Gdb is quite powerful, but it seems to be focused more on debugging applications with source and debug symbols.  While its certainly possible to debug applications while only having access to the stripped binary, a lot of gdb's frequently used features aren't that useful.  Gdb wasnt designed with a focus on reverse engineering in mind, and neither were a lot of the various gdb GUI front ends.  Things that are simple in OllyDbg such as getting an immediate view of the stack, disassembly and register values every time the program stopped, or searching for a particular value through all of program memory are just painful.
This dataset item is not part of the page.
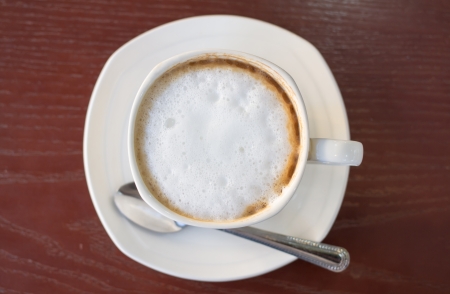 Hot cappuccino coffee in white cup with spoon on wood table の写真素材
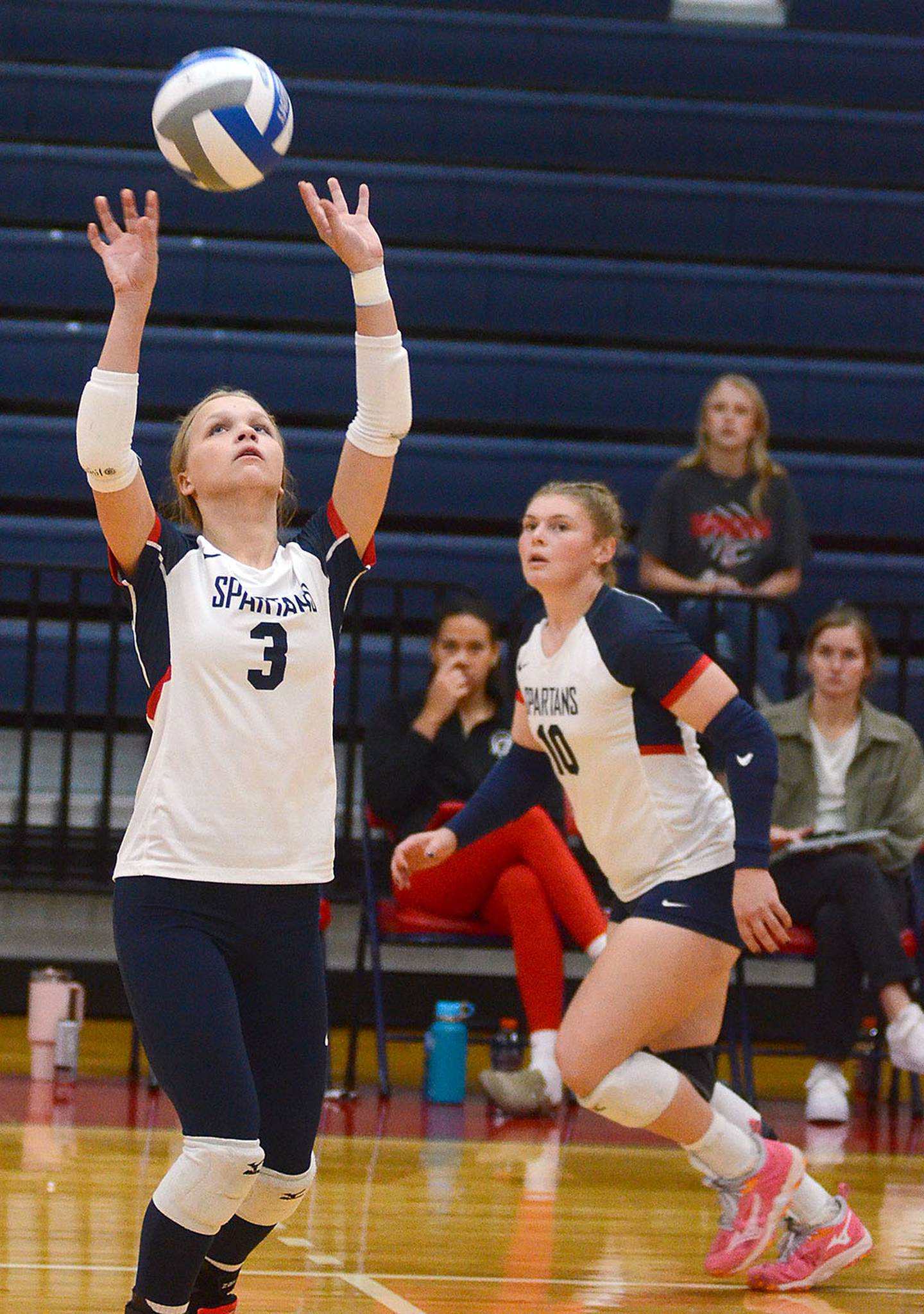 Southwestern freshman Savanna Marriott sets the ball as Maddie Richter (10) gets in position. Marriott had a team-high seven assists.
Thats why the last time I had to reverse engineer an application on Mac OSX, I wrote some extensions for gdb using the Python API that was added to gdb in version 7.  These extensions consisted of a few new gdb commands, as well as some nifty hooks that enabled me to get the necessary information out of the program in a way that I was familiar with.

The additional commands I added provide new ways to view register values, program memory, the stack, to do assembly level stepping and to search program memory.  There are also hooks that allow certain program data to be sent to fifos every time program execution pauses.  In practice, this allows me to have output like this:

gdb lookin like Olly!


What you see above is a terminal window with multiple panes.  The main pane, on the bottom left is running gdb, with a program currently in the paused state..  The other panes are running the tail command on different fifo pipes, and showing output from gdb relating to the programs disassembly, registers and stack, including some contextual information such as any strings or hex data that might be referenced by the various registers or stack entries.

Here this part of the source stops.